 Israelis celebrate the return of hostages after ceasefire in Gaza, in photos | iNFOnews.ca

########################################

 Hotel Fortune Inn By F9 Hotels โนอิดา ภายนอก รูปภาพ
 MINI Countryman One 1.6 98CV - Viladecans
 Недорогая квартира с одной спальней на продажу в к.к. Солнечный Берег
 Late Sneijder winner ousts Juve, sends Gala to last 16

########################################

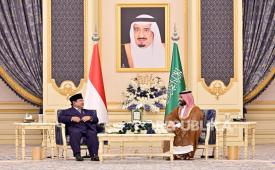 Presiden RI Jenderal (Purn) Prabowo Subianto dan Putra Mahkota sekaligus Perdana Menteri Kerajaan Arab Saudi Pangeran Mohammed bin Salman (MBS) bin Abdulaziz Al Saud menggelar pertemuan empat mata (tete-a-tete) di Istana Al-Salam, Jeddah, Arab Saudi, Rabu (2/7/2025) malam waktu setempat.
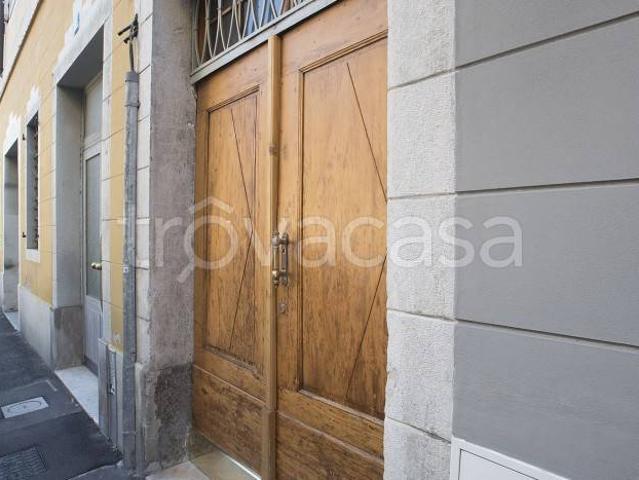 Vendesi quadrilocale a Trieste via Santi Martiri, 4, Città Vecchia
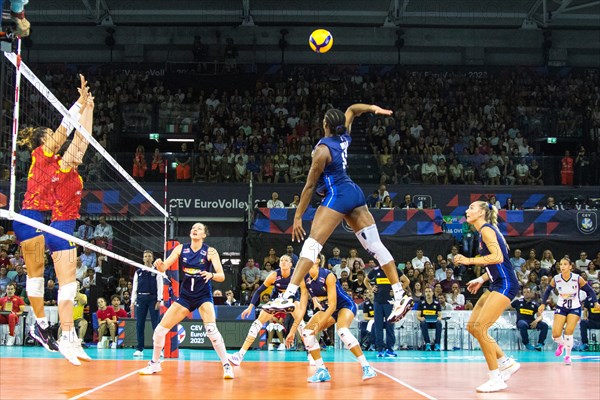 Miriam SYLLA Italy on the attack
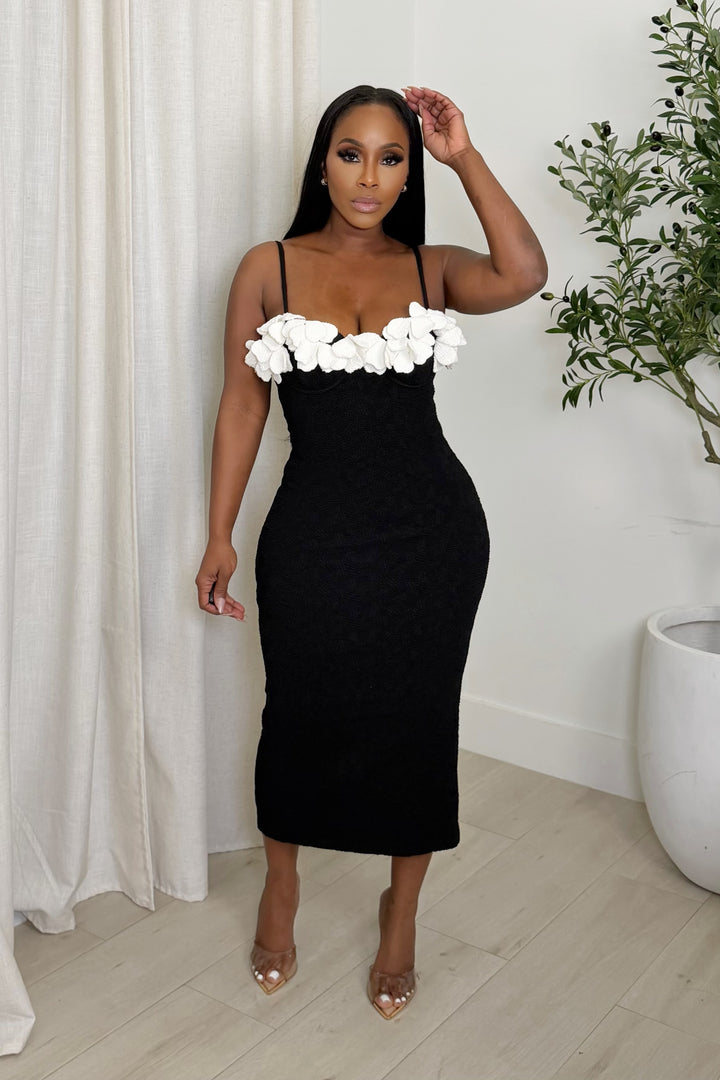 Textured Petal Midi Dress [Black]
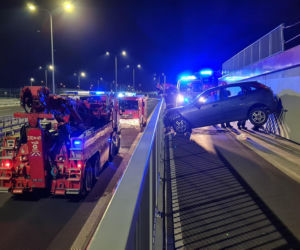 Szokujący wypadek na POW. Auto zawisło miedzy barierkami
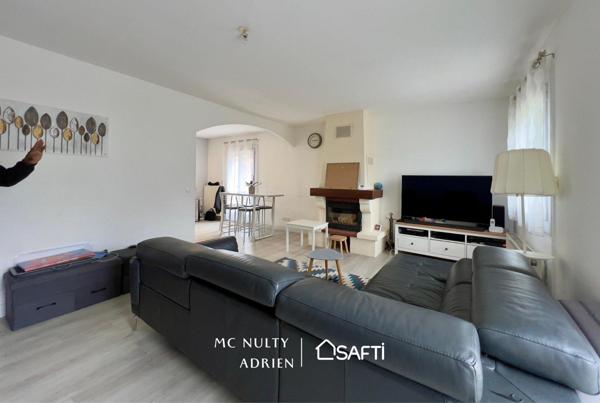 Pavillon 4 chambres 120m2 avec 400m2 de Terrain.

########################################

What the task asks -> What should come back is an exact copy of the lines above from the line with "Miriam SYLLA Italy on the attack" to the line with "Pavillon 4 chambres", both included, minus the pictures.

Exercise answer ->
 Miriam SYLLA Italy on the attack
 Textured Petal Midi Dress [Black]
 Szokujący wypadek na POW. Auto zawisło miedzy barierkami
 Pavillon 4 chambres 120m2 avec 400m2 de Terrain.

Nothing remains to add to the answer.